8. The Company shall reimburse the Executive for properly submitted business expenses incurred through to the Resignation Date for which the Executive was not reimbursed. In this regard, the Executive must submit a final expense report to the Chief Financial Officer of Merge within thirty (30) business days of the Resignation Date.
9. On the Resignation Date, Merge, the Company and the Executive shall execute a mutual release in the form appended hereto as Schedule C.
10. The employment arrangements with the Executive set out herein shall inure to the benefit of his estate in the event of death.
11. In the event that any provision or any part of any provision hereof is deemed to be invalid by reason of the operation of any law or by reason of the interpretation placed thereon by a court, this Termination Agreement shall be construed as not containing such provision or part of such provision and the invalidity of such provision or such part shall not affect the validity of any other provision or the remainder of such provision hereof.

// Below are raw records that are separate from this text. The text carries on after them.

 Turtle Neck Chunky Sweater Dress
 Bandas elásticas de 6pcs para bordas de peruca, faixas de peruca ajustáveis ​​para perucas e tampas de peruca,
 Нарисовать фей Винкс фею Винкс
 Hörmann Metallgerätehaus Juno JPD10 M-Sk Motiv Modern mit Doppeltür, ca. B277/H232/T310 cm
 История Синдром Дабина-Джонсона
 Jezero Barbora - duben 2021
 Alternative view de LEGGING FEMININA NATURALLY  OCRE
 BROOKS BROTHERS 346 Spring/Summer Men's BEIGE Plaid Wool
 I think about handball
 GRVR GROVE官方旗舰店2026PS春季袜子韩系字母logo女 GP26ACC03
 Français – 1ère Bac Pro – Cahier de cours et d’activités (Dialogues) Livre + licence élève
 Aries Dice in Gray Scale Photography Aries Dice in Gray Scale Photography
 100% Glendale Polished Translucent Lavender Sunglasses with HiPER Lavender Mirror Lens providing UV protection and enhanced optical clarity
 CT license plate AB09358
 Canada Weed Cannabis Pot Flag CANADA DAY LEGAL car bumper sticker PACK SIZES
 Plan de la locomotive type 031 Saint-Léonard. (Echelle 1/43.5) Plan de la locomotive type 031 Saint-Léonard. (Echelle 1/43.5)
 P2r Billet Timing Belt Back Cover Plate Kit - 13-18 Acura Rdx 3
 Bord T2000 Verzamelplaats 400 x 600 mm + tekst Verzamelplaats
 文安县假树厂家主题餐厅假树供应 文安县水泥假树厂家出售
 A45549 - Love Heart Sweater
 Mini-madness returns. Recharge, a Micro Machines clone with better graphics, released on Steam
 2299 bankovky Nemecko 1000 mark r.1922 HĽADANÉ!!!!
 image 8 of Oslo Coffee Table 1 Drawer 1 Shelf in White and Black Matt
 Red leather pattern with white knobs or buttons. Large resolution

All other provisions hereof which are otherwise lawful and valid shall remain in full force and effect.
12. This Termination Agreement shall be governed and construed in accordance with the laws of the Province of Ontario and the laws of Canada applicable therein.
13. The Executive acknowledges that he has been given an opportunity to seek independent legal advice with respect to the matters addressed in this Termination Agreement.
14. This Termination Agreement contains the entire agreement of the parties with respect to the subject matter hereof and may be amended or superseded only by an agreement in writing signed by the Executive and the Company.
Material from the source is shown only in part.